It seems like I have not been this tired in years. I start this post in Rome – Fiumicino, to be precise, waiting for my flight back to Brisbane to be called.

It has been a long week… full of meetings in preparation for a big theological conference we are planning for next year.

If we pull it off, it will be no small gig: a gathering of the heads of all the major Catholic theological associations around the globe, with the heads of the key Catholic Councils housed in Rome: sometimes I wonder what would happen if we all really got around the table in the right spirit??

 

Our meetings went well. We are on track, but the attempt to be responsible, or let’s call it faithful, to the task assigned and the trust implicit in my theological association paying for this trip, has meant 7 full days of meetings, all over this eternal city! From left to right, east to west… who needs a gym, or a step-counter? I am sure I have lost weight…despite the richness of Italian food! We have roamed and met and explained and listened… I am as tired as I have ever been…


It is now after the first leg of my journey, in which I fell asleep before the flight had taken off and slept for 9 of the 12 hours. Thank you, Jesus. I now feel ever so slightly more myself. In Shanghai airport now, and have six hours before I take off again. I have left my stuff in a free luggage holder that opens and closes with your fingerprint – cool beanz! We need to share these amazing inventions ?

Forgot to take a picture. Next time!

 

 

So, picking up: Tired but also blessed. Why?

 

 

 

I am going to name two reasons:

 

  1. I have found that when there is conviction about a certain theme, God gives you friends and ‘partners in crime’, who become part of you before you even plan it. Some of the team I am working with are new to me. We met in a 2017 Bangalore meeting and are now united around a cause, an intuition, about what theology could offer the Church and the world if we were to unite forces. They feel like brothers and sisters – people I was always meant to meet and for whom I care. It was not so easy being in Rome, so close to home, without being able to touch base with the Heaney clan who ground me most, but these bonds make it easier. 
  2.  The second reason is more profound. And therefore, harder to name. So, listen up! I think there are a few people in each person’s life who have access to the core of who we are. This is my theory, anyway. We can be open to many, to everyone even, little by little, that God places in our paths. But some people weave into us in a way that makes us who we are. They leave a mark within… they change us… they are the ones without whom we are less than who we are. And I am blessed that in my travels across the world, every now and again, God brings me back into contact with someone who is key to me being me. Or to God being God in me. And this feels like one and the same thing. Because “crying with those who cry and laughing with those who laugh” (Rm 12:15) is simply the way things work when you meet those who have been part of your forging communion with God.

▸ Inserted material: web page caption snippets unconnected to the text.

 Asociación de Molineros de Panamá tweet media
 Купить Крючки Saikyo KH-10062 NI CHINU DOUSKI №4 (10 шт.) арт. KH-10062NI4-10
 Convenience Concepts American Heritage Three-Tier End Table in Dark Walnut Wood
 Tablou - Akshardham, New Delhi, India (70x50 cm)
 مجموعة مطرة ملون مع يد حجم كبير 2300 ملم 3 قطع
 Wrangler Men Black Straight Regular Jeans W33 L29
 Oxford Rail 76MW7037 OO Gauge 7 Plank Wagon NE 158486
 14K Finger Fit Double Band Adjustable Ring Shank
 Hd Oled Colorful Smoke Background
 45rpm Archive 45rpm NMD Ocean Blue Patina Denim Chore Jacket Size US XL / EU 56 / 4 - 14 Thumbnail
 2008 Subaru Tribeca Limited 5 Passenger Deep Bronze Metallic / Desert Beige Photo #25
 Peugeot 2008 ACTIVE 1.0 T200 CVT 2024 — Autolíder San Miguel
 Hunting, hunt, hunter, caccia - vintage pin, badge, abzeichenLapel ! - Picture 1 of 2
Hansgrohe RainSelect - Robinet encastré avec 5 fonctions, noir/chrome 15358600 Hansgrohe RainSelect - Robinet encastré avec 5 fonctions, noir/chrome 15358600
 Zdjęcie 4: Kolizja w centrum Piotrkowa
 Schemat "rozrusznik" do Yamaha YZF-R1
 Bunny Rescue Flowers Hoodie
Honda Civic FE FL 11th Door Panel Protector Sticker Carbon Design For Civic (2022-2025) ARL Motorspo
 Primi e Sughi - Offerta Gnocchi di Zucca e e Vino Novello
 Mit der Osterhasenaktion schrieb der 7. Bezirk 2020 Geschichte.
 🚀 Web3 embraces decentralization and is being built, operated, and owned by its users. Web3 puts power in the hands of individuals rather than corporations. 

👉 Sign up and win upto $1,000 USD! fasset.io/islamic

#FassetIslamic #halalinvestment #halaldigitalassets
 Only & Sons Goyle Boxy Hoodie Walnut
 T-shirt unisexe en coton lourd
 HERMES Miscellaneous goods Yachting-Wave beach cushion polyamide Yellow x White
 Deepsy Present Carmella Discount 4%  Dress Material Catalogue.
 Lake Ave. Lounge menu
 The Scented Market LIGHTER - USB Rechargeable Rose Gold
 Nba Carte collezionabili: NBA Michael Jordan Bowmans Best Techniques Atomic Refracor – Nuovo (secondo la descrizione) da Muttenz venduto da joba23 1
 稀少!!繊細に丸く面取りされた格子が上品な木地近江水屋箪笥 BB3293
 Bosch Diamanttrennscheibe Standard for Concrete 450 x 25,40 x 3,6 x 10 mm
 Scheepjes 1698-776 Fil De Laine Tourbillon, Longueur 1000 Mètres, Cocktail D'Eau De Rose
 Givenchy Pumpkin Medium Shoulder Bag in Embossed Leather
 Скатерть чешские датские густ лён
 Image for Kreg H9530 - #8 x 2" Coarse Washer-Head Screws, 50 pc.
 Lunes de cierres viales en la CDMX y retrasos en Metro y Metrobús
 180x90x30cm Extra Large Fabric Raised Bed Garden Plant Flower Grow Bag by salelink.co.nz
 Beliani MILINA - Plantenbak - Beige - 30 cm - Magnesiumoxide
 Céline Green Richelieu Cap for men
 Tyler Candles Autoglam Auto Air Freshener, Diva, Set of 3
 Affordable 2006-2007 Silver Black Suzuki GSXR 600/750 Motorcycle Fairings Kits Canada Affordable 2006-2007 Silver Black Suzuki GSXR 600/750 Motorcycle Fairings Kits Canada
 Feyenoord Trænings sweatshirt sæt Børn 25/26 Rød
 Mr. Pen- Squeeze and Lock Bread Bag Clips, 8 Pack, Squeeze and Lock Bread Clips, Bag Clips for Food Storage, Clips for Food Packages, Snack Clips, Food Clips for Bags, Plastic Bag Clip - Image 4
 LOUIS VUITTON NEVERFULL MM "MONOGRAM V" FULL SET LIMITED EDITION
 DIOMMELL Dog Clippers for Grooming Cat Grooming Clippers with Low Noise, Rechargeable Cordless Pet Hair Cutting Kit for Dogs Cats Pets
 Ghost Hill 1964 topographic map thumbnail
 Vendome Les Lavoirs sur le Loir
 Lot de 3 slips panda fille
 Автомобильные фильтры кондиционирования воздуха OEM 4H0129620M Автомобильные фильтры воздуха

God has given me friends that echo and evoke his very presence in my soul. For which I could not be more grateful. Rome this week allowed for two such encounters, of which I did not take photos, as they are too important to not protect.

Now back in Brisbane… recovering and taking up other tasks – which do not disappear while away, I might add ? –  So I am at the end of my rope, but blessed, graced, in touch with God and myself. And ready to knuckle down again.

 

Thank you, life, and Giver of Life, for the richness that pours into me when I can recognise these others as part of the way You love me.